If you wanna know more about crawling, you can check here.
I am gonna use GNU’s WGET to write a one line spider/bot that can download an entire website to your local box (If you are using Linux, install wget by running ‘sudo apt-get install wget’).
wget is a nice tool for downloading resources from the internet. The basic usage is wget url (eg: wget http://test.com/). The power of wget is that you may download sites recursive, meaning you also get all pages (and images and other data) linked on the front page:
wget -r http://www.test.com
However, many sites do not want you to download their entire site. To prevent this, they check how browsers identify. Many sites refuses you to connect or sends a blank page if they detect you are not using a web-browser. You might get a message like:
Sorry, but the download manager you are using to view this site is not supported. We do not support use of such download managers as flashget, go!zilla, or getright
Wget has a very handy -U option for sites like this. Use -U My-browser to tell the site you are using some commonly accepted browser:
wget -r -p -U Mozilla http://www.test.com
The most important command line options are –limit-rate= and –wait=. You should add –wait=20 to pause 20 seconds between retrievals, this makes sure you are not manually added to a blacklist. –limit-rate defaults to bytes, add K to set KB/s.
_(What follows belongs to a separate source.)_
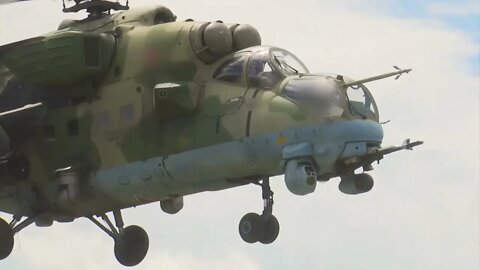 Combat work of the Mi-35 attack helicopter in the Kharkiv direction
A web-site owner will probably get upset if you attempt to download his entire site using a simple wget http://foo.com command. However, the web-site owner will not even notice you if you limit the download transfer rate and pause between fetching files.
So our final version of mini-crawler would be:
wget –wait=20 –limit-rate=20K -r -p -U Mozilla http://www.test.com
Running the above command would download entire website on to your machine which means you have pretty much all the source of the target website, you could even have data source credentials in the source if you are lucky. Here’s how my mini-crawler has created a directory with www.test.com (target website) and dumped all its source into it.
Possible Improvements: The above mini-crawler can completely download any website built on Wordpress(~22% of USA’s active websites). You could take the crawler to next level by adding loop detection, time outs and more..chao!